(THE INPUT Opens)
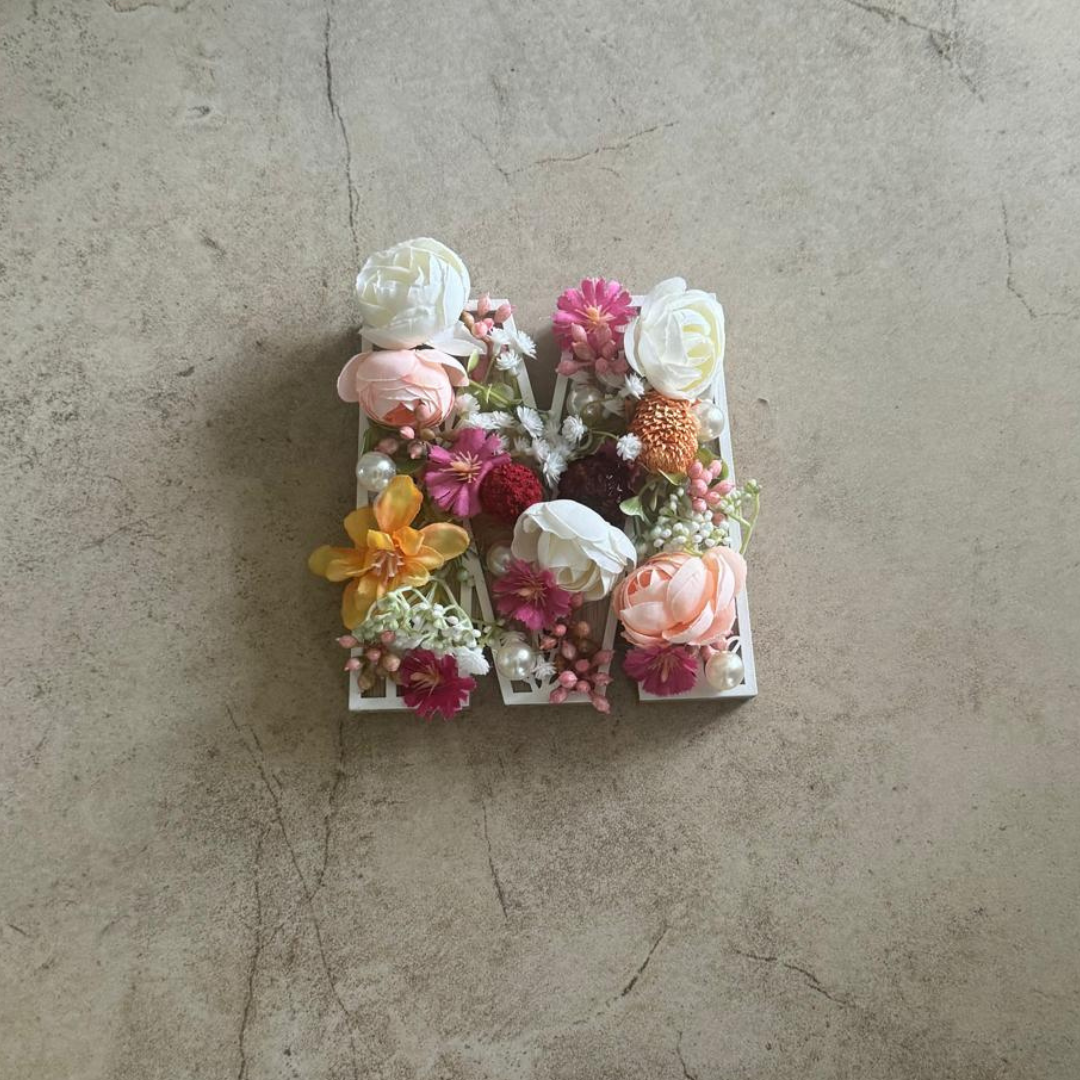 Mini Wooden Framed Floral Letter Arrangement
(THE INPUT Closes)
(THE INPUT Opens)
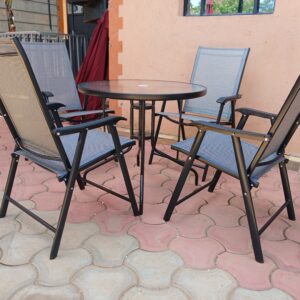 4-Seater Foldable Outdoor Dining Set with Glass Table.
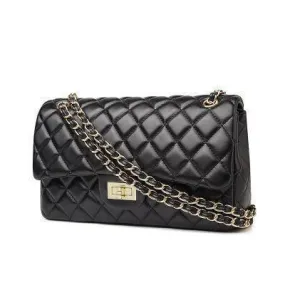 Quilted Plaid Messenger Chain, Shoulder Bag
(THE INPUT Closes)
> WHAT IS EXPECTED
Skip every picture, and restate word for word only the lines above from the line containing "4-Seater Foldable Outdoor" to the line containing "Quilted Plaid Messenger Chain, Shoulder Bag", both of them included.

> EXERCISE SOLUTION
 4-Seater Foldable Outdoor Dining Set with Glass Table.
 Quilted Plaid Messenger Chain, Shoulder Bag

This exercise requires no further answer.